Photo 1 en taille normale
Pierre Moignard

 

Aliboron & Cie. Quelques figures animales

Dieter Appelt, Myriam Bucquoit, Bernard Crespin, Jean Dupanier,
Hervé Jamen, Pierre Moignard, Lionel Sabatté

du 2 octobre au 11 décembre 2010

Le dictionnaire nous enseigne qu’un aliboron désigna d’abord un ignorant qui fait le connaisseur – un homme donc – puis, par analogie, un âne. L’âne prit sa revanche et redevint homme sous le nom de Boronali. Plus exactement, il devint peintre (même si le singe était déjà passé par là). C’est dire que l’animal et l’artiste eurent souvent partie liée, et que ce ne fut pas toujours bon ni pour l’un ni pour l’autre… Ne pensons plus à mal et regardons les quelques « figures animales » regroupées dans cette exposition (peintures, photos, dessin, sculpture).

 

Le Chien de Minneapolis de Dieter Appelt(1935*), une photographie de 1989, prend la forme d’une « figure fantomatique de chien atemporel, cerbère domestique minéralisé, recristallisation improbable d’un modèle biologique perdu, qui évoque à la fois le cave canem des mosaïques romaines et l’empreinte de l’animal dans les couches de cendre de Pompéi. Une vague idée de ce qui reste du monde, condensé dans le souffle hypnotique de la lumière » selon Michel Frizot.

 

Comment ne pas relier cette dernière pensée au tableau de Myriam Bucquoit (1952*), Tremblement de terre (2010), allégorie possible d’une fin du monde où le cochon, ce « cousin mal aimé » de l’homme, erre, archaïque et solitaire survivant, dans les décombres souterrains d’une ultime catastrophe.

 

Les deux vaches de Bernard Crespin (1945*) n’en sont qu’une (diptyque de 1977) : photographié dans une posture identique mais dans deux paysages différents, l’animal devient une sculpture mentale qui – avant le numérique, soulignons-le – autorise l’artiste à soulever et déplacer le monde par le seul truchement de deux déclics patiemment calculés…

 

Jean Dupanier (1939*) pratique le dessin par décalque d’une image photographique, en l’occurence celle d’un ours (à sa taille réelle ou presque), analysant la structure du sujet représenté jusqu’aux limites du discernable. L’écriture graphique obtenue, sorte de réseau architectonique ou cristallographique, recompose les textures et les lumières hors de toute interprétation purement imitative et précisionniste. Un retour, peut-être, à L’état de nature puisque tel est le titre de l’œuvre, datée de 2010.

 

Les têtes de chiens de Hervé Jamen (1959*) possèdent une force picturale évocatrice de certaines œuvres de Bassano, Géricault ou Courbet – des « visages » d’animaux dirait Élisabeth de Fontenay.
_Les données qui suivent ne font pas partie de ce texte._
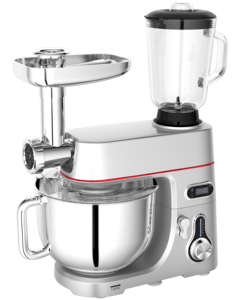 5合1多功能压铸铝7升1800W家用立式搅拌机，用于烘焙蛋糕混合 - Product Image 1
Trois figures animales tour à tour porteuses du trouble anthropomorphique, du naturalisme le plus sidérant ou d’une mystérieuse présence totémique.

 

Dans sa série de peintures intitulées Pourquoi moi, l’âne rigolard de Pierre Moignard(1961*) symbolise-t-il la figure du mal et doit-on voir dans ce grotesque aliboron « l’ombre expansionniste de l’ânerie politique » (Didier Ottinger) ; ou, plus simplement, est-ce une allégorie du peintre lui-même, définitivement métamorphosé en stupide barbouilleur, histrion ricanant qui nous prend à témoin de sa propre impuissance face au spectacle du monde ?

 

L’œuvre de Lionel Sabatté (1975*) pourrait être la réponse à la devinette enfantine (et quelque peu surréaliste) : « Qu’est devenu le troupeau de moutons qui errait cet été dans le métro Châtelet ? ». Réponse : la sculpture d’un loup (Août, 2010), plus grande que nature, modelée avec les moutons de poussières récoltés dans le métro par l’artiste. « …C’est ça qui me plaît dans ce matériau… (on y voit les cheveux de millions de gens) » nous dit Lionel Sabatté, qui a le projet de réaliser une meute de douze loups.